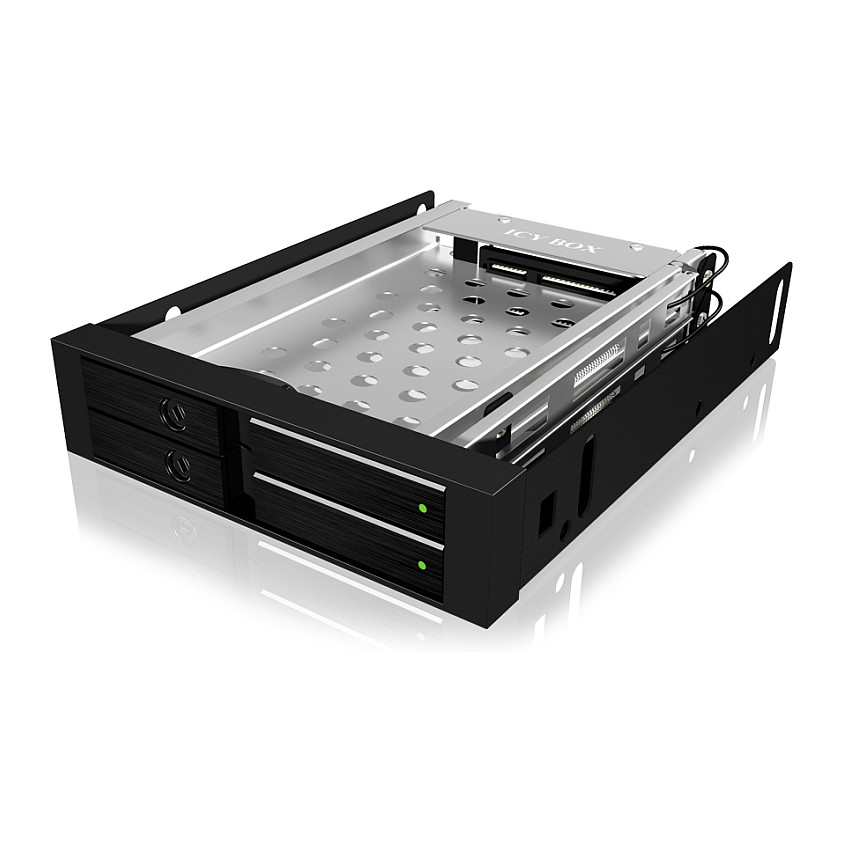 Wechselrahmen. 2xSATA 2.5" zu 2xSATA Host. trägerlos. für 3.5" Schacht ICY BOX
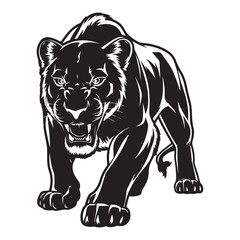 Fierce Panther Attack – Wild Animal Vector Art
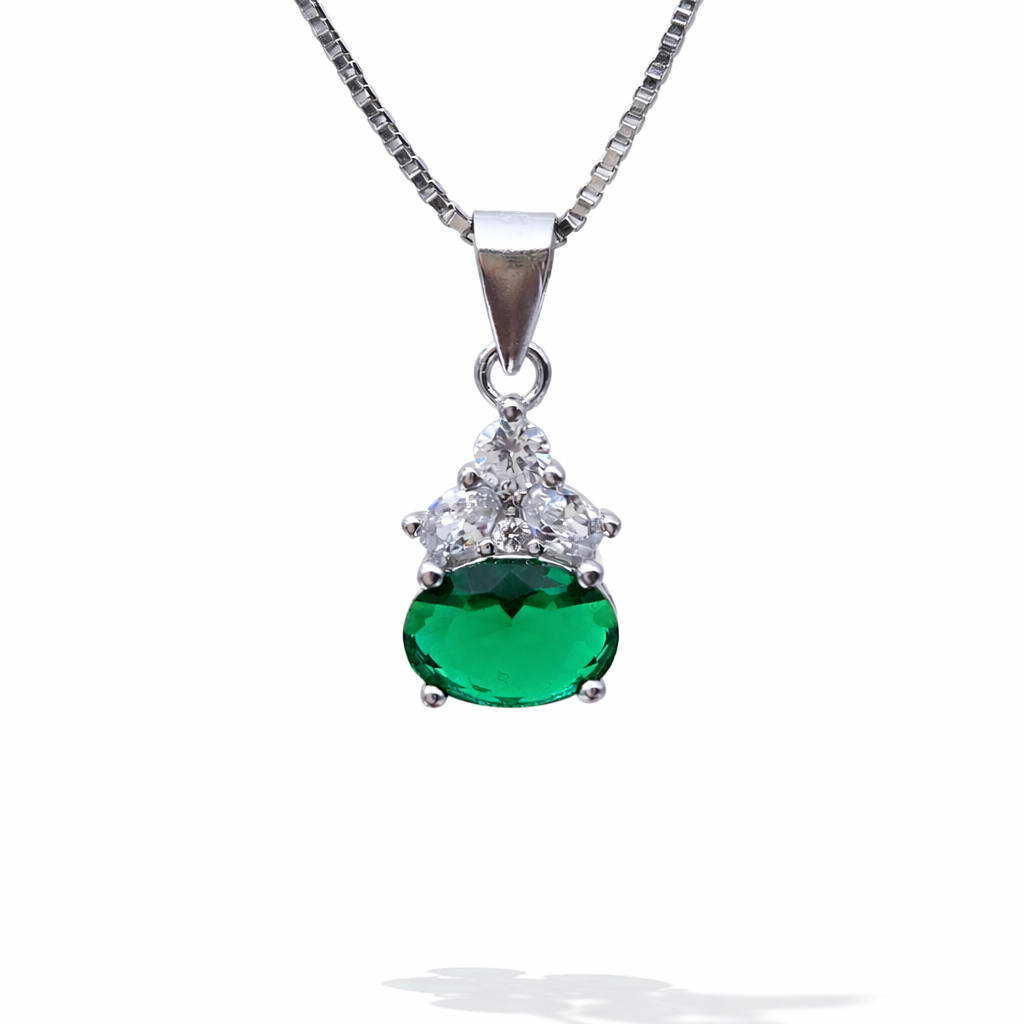 Verdant Spark Drop 925 Sterling Silver Necklace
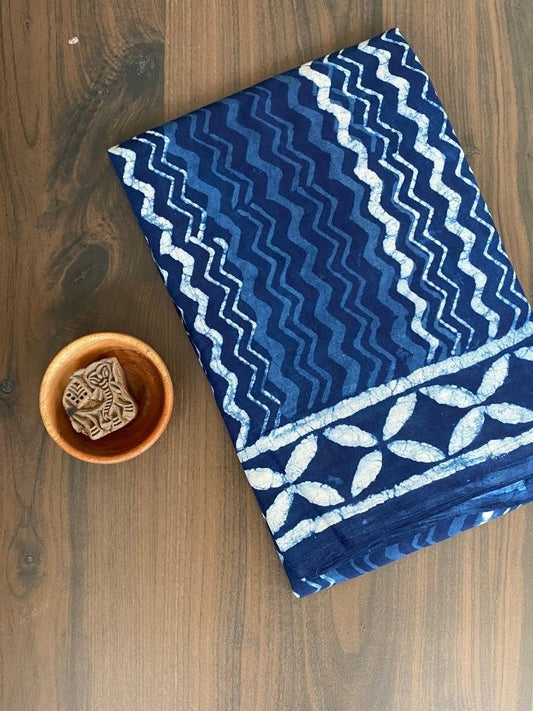 2 Kaam Lehriya Jaal Indigo Base With Off Mud Dabu Lehriya With Off White Chartune Boder Hand Block Print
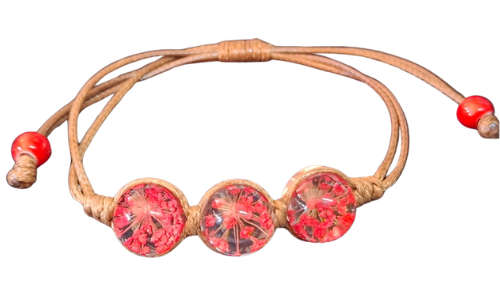 Dried flower dome trio bracelet, brown & red, adjustable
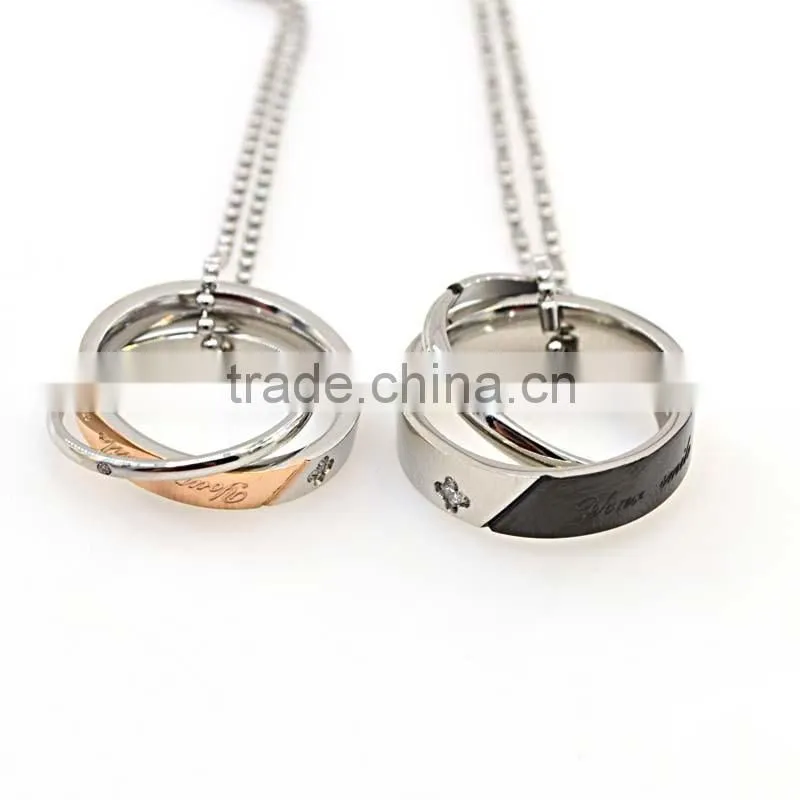 Fashion silver and gold plated stainless steel double rings jewelry pendant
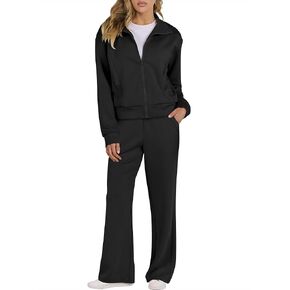ANRABESS Lounge Sets for Women 2 Piece Outfits Sweatsuit Fall Zip Up Sweatshirts Wide Leg pants Matching Sweat Set Tracksuits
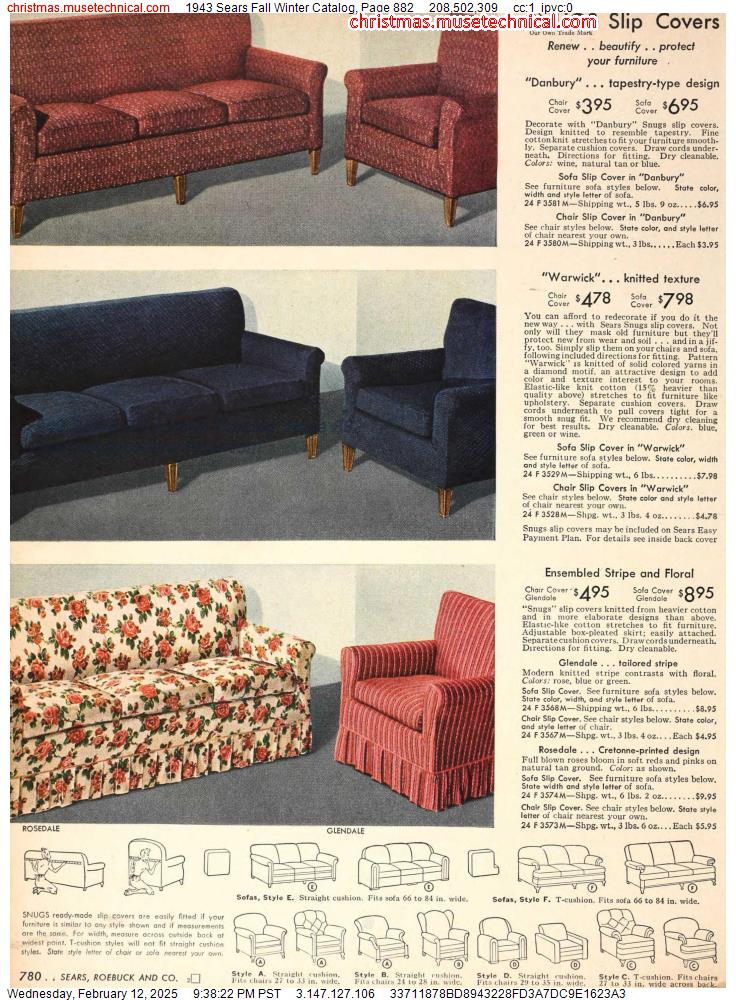 1943 Sears Fall Winter Catalog, Page 882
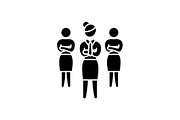 Women in business black icon, vector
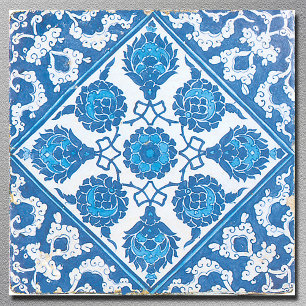 Blauw en wit vintage delfts kunst tegeltje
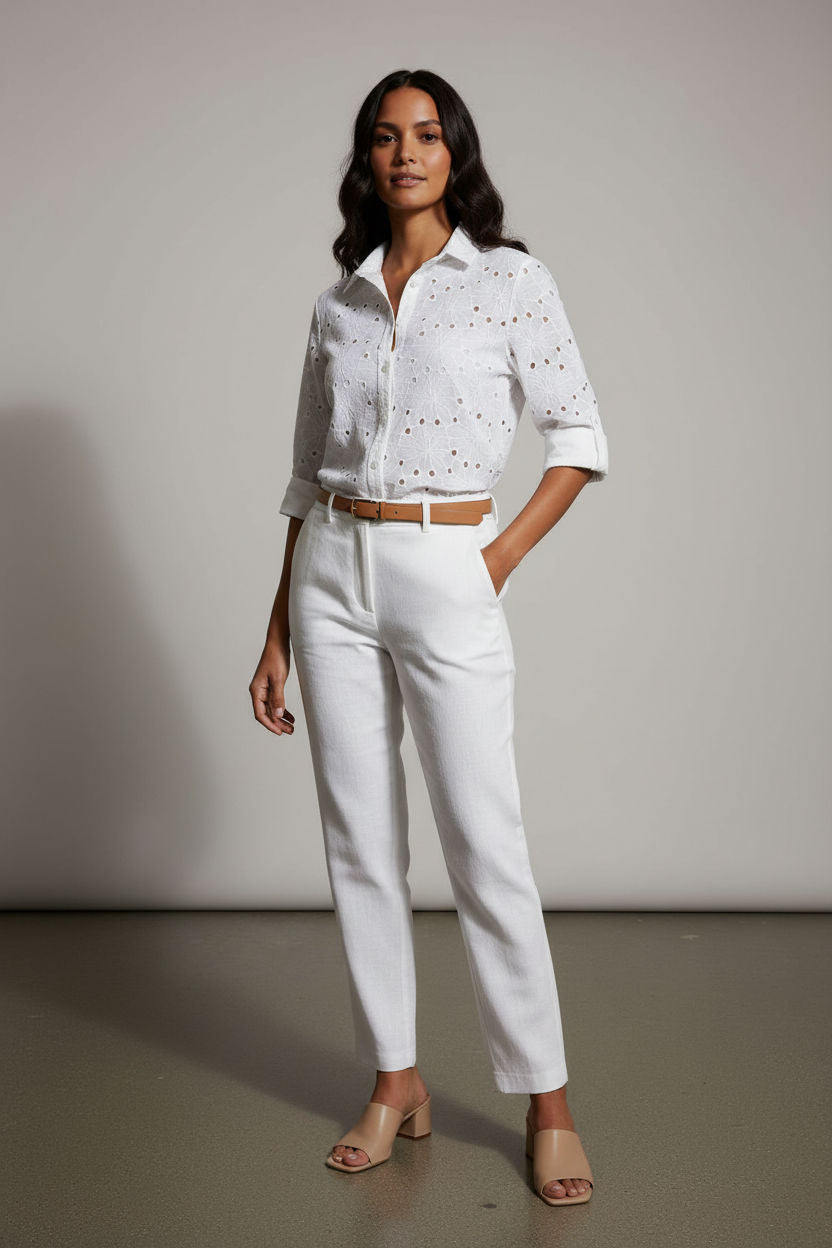 Clara Broderie Button Up Shirt - White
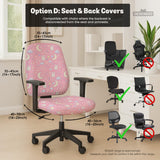 Pastel desk chair covers with a bunny print, clouds, moons, bows, stars, and small kawaii character details shown in multiple fit options.
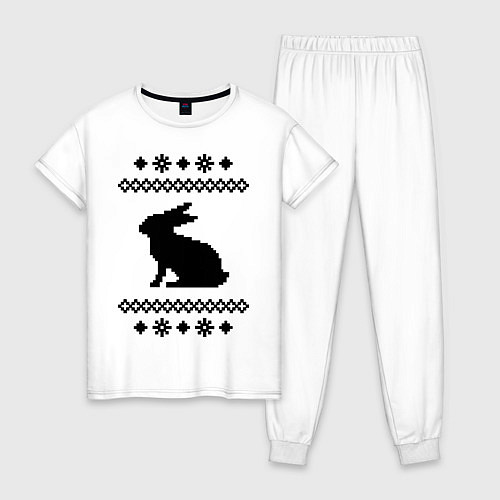 Женская пижама Узор с зайцем / Белый – фото 1
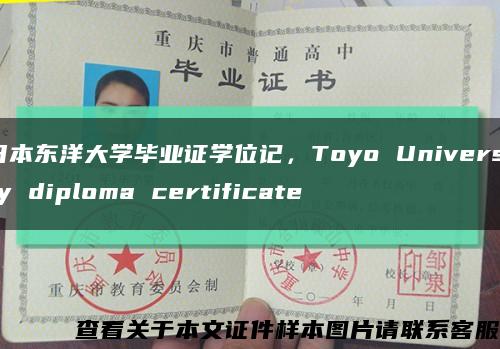 日本东洋大学毕业证学位记，Toyo University diploma certificate缩略图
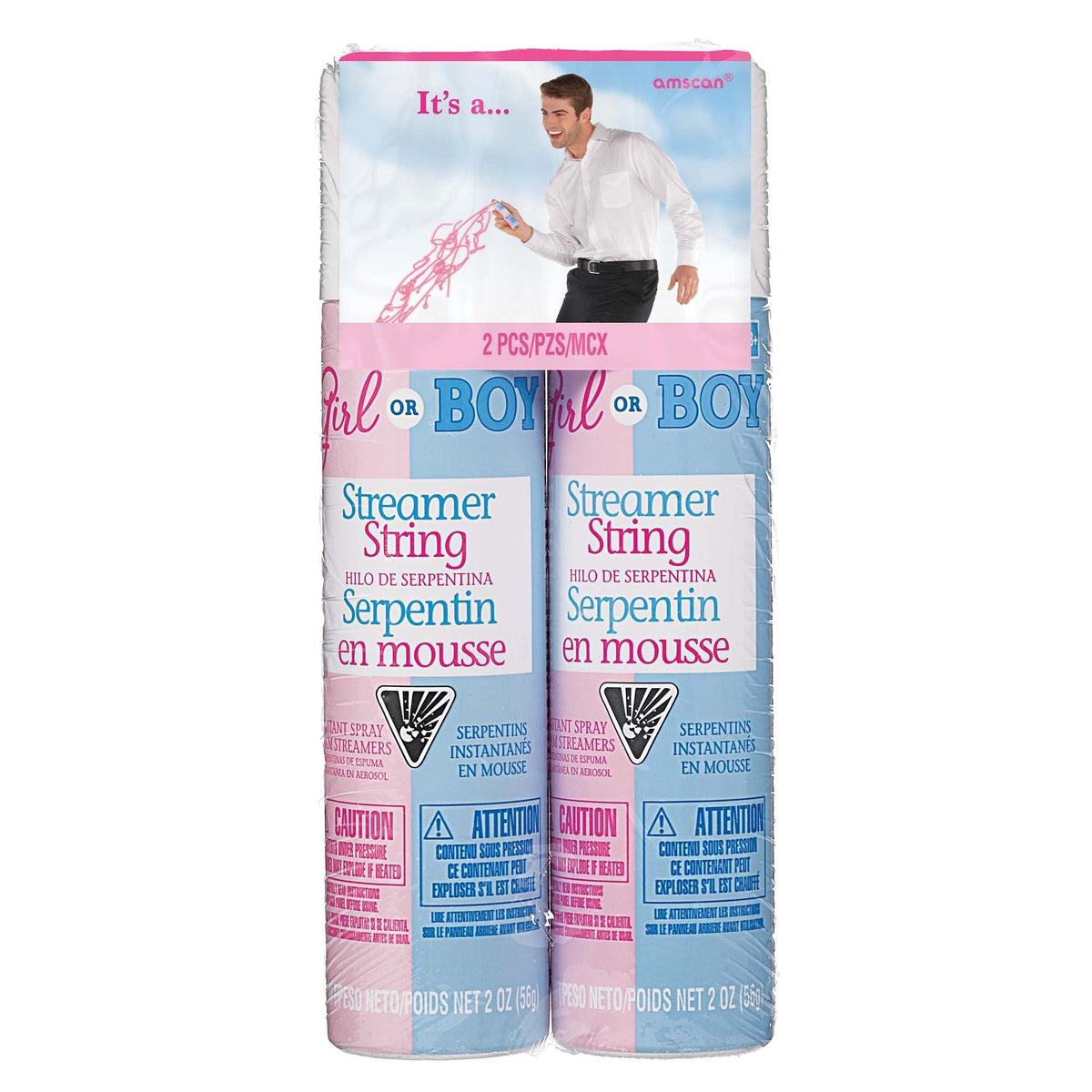 Serpentin en mousse - Révélation de sexe - Fille - 2/Pqt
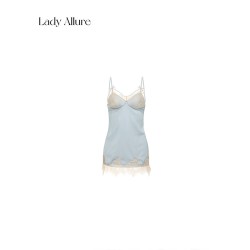 LADYALLURE 金屋藏娇法式镂空蕾丝露背网纱睡裙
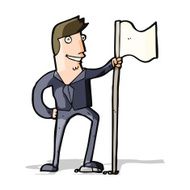 cartoon man planting flag N13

**Task objective:**
What is needed is an exact copy of every record above, minus the images.

**Your solution:**
 Wechselrahmen. 2xSATA 2.5" zu 2xSATA Host. trägerlos. für 3.5" Schacht ICY BOX
 Fierce Panther Attack – Wild Animal Vector Art
 Verdant Spark Drop 925 Sterling Silver Necklace
 2 Kaam Lehriya Jaal Indigo Base With Off Mud Dabu Lehriya With Off White Chartune Boder Hand Block Print
 Dried flower dome trio bracelet, brown & red, adjustable
 Fashion silver and gold plated stainless steel double rings jewelry pendant
ANRABESS Lounge Sets for Women 2 Piece Outfits Sweatsuit Fall Zip Up Sweatshirts Wide Leg pants Matching Sweat Set Tracksuits
 1943 Sears Fall Winter Catalog, Page 882
 Women in business black icon, vector
 Blauw en wit vintage delfts kunst tegeltje
 Clara Broderie Button Up Shirt - White
 Pastel desk chair covers with a bunny print, clouds, moons, bows, stars, and small kawaii character details shown in multiple fit options.
 Женская пижама Узор с зайцем / Белый – фото 1
 日本东洋大学毕业证学位记，Toyo University diploma certificate缩略图
 Serpentin en mousse - Révélation de sexe - Fille - 2/Pqt
 LADYALLURE 金屋藏娇法式镂空蕾丝露背网纱睡裙
 cartoon man planting flag N13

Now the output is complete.